Turnkey workspace-as-a-service vendor CloudJumper has shipped an updated release of its Cloud Workspace solution aimed at luring SMBs away from Citrix Systems Inc.
Chief among the product’s new features is a Citrix Replacement App designed to automate migration of Citrix environments onto Garner, N.C.-based CloudJumper’s platform. Among other things, the new tool converts Citrix user profiles into Microsoft Windows Remote Desktop Services profiles and imports them into the Cloud Workspace Management Suite.
To further make ditching Citrix-based workspaces an appealing option, the new edition of Cloud Workspace also supports accelerated, one-click provisioning of complete hosted infrastructures in both Microsoft Azure and Google Cloud Platform.

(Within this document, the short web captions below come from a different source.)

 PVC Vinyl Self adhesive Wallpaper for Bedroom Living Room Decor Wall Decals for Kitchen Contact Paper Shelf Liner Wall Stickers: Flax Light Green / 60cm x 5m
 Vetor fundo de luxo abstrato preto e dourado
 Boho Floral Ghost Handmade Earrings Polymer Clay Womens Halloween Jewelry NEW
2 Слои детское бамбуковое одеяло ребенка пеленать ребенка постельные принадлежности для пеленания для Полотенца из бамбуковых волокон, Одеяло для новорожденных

“We can have your entire software-defined data center—the firewall, the connections, the gateways, everything—fully provisioned in about two hours,” says CloudJumper President John Helms.

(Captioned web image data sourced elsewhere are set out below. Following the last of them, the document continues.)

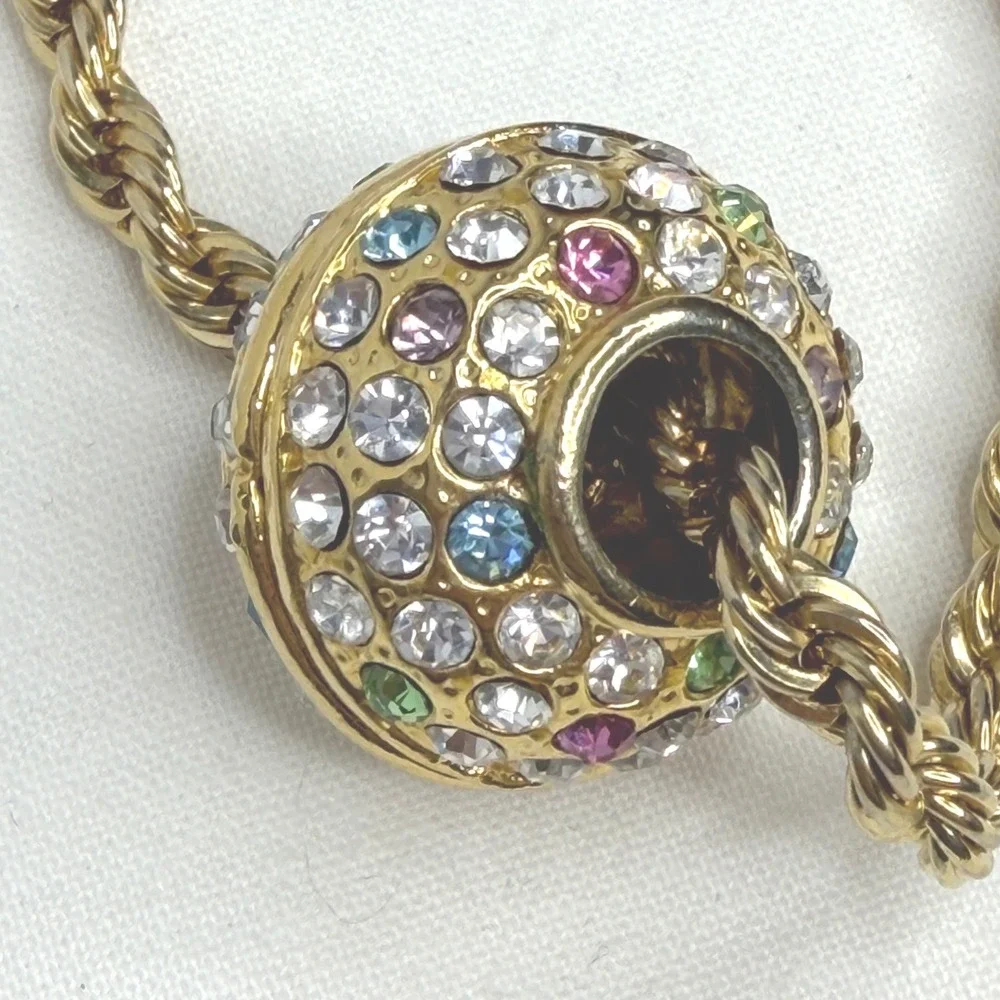 Gold Tone Rope Chain Multicolor Rhinestone Ball Slider Necklace Statement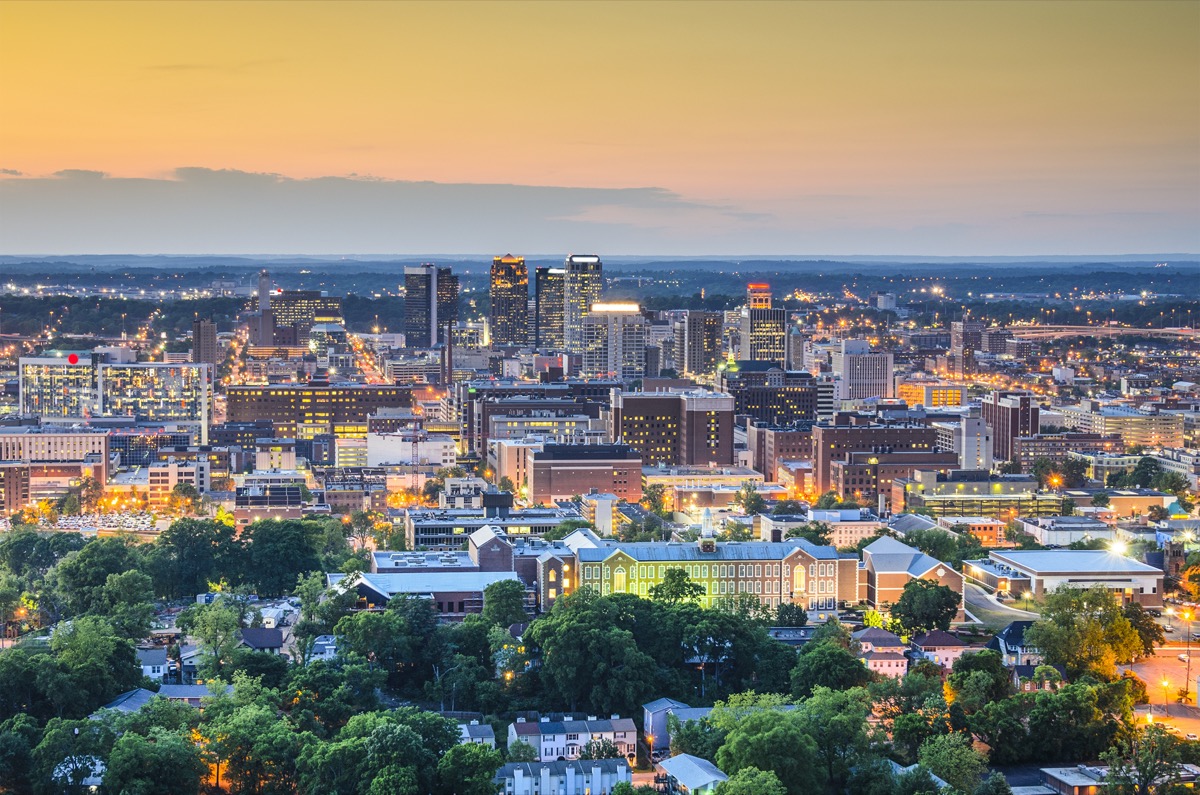 cityscape photo of Birmingham, Alabama at dusk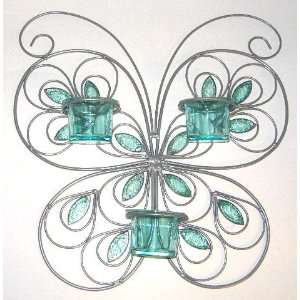    Blue BUTTERFLY WALL SCONCE votive candle holder: Everything Else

To make managing Azure and Google Cloud environments simpler, the new release of Cloud Workspace comes with integrated data protection functionality for both platforms.
“It takes advantage of the native capabilities within Azure and within Google through their snapshot technologies so that you can build your backup plans, schedule your backups, and handle all of your own resources natively from within the platform,” Helms says.

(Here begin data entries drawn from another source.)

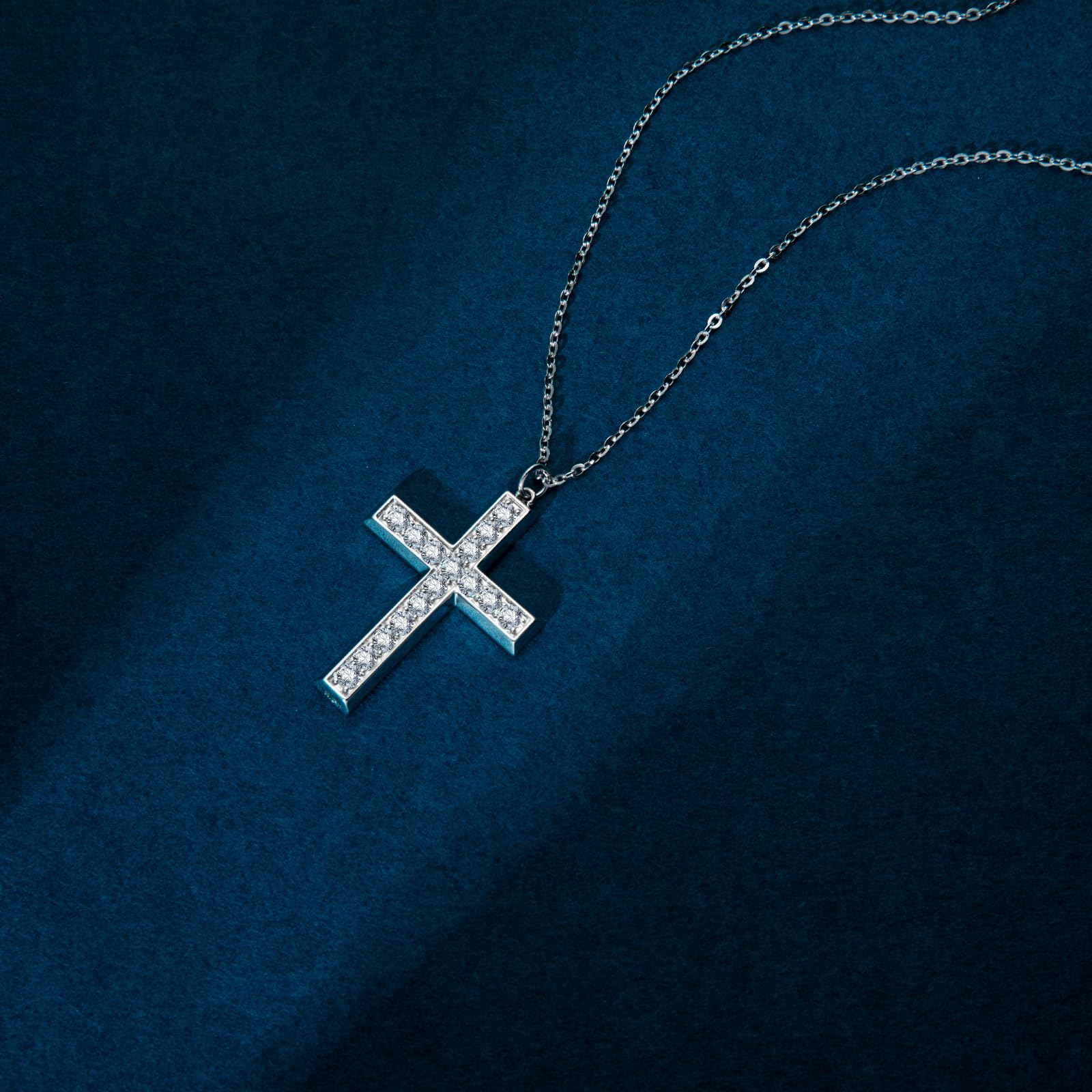 Moissanite Cross Necklace for Women & Men - Sterling Silver Christian Jewelry D Color VVS1 (1.28CTTW/1.8CTTW/3.3CTTW) - Perfect Gift for Baptism, Confirmation & Religious Occasions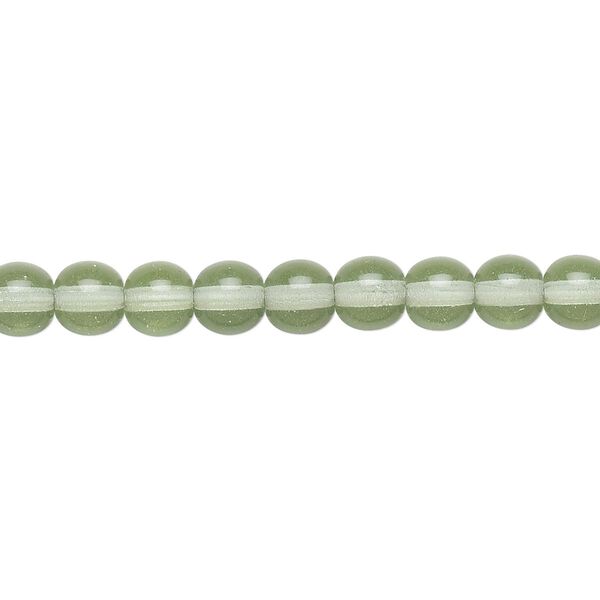 Bead, Czech glass druk, transparent mint, 6mm round. Sold per 15-1/2" to 16" strand, approximately 65 beads. image number 0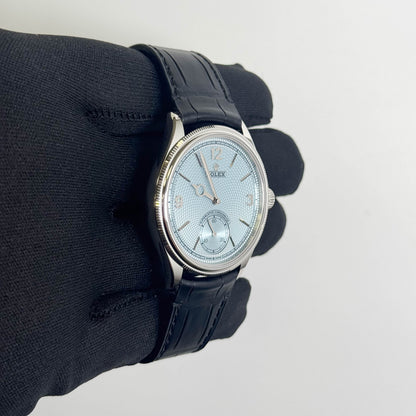 Rolex 1908 Platinum 39mm Ice Blue Dial Watch Ref# 52506 - Happy Jewelers Fine Jewelry Lifetime Warranty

Collectively, Helms argues, Cloud Workspace’s new migration and cloud hosting technologies make CloudJumper a better choice than Citrix for SMBs looking to embrace workspace as a service. Though CloudJumper sells to businesses of all sizes, the majority of its roughly 1,200 MSP partners market Cloud Workspace chiefly to businesses with 200 users and below.
“Our product suite now is exceptionally competitive from a feature parity standpoint, but more importantly, it’s much simpler to use,” he says.
In addition to easier provisioning and integrated backup, the new Cloud Workspace release offers a variety of other Microsoft-related enhancements, including full stack support for Azure Resource Manager, which allows technicians to administer multiple cloud resources as a group, and integration with Azure Active Directory. That latter capability enables Cloud Workspace to provide single sign-on access to Office 365 and Azure-hosted workspaces now.
“Less complexity for the customer, less complexity for the users,” Helms observes.
Significantly, the newest version of Cloud Workspace is the first to support Windows Server 2016. Though other vendors, including hosted infrastructure and desktop-as-a-service provider CloudConnect LLC, have supported Windows Server 2016 for some time, CloudJumper deliberately delayed its introduction of that feature.
“We really wanted to make sure that [Windows Server] 2016 has kind of been through its burn-in cycle and no more major changes were coming,” Helms explains.
Other newly added features in Cloud Workspace include automated, one-click deployment of cloud workspaces across multiple cloud platforms, including Microsoft Azure, Google Cloud Platform, public cloud leader Amazon Web Services, and OpenStack, along with multiple virtualization platforms, including VMware vSphere, Microsoft Hyper-V, and Citrix XenServer.
New machine learning-powered dynamic resource allocation functionality lets users optimize spending on cloud workspaces by automatically scaling deployments up and down based on past consumption patterns. Multifactor authentication technology, meanwhile, helps technicians secure cloud workspaces, or selected groups of them, more effectively. “They can do that on a per-company basis or even on a per-user basis,” Helms says. “It’s just a check box.”
Cloud Workspace now also allows end users to share data with approved customers and business partners. According to Helms, attorneys, accountants, and real estate brokers in particular have long wanted that functionality.
CloudJumper acquired IndependenceIT, an automated cloud application, data, and workspace deployment vendor and close, long-time partner, last month.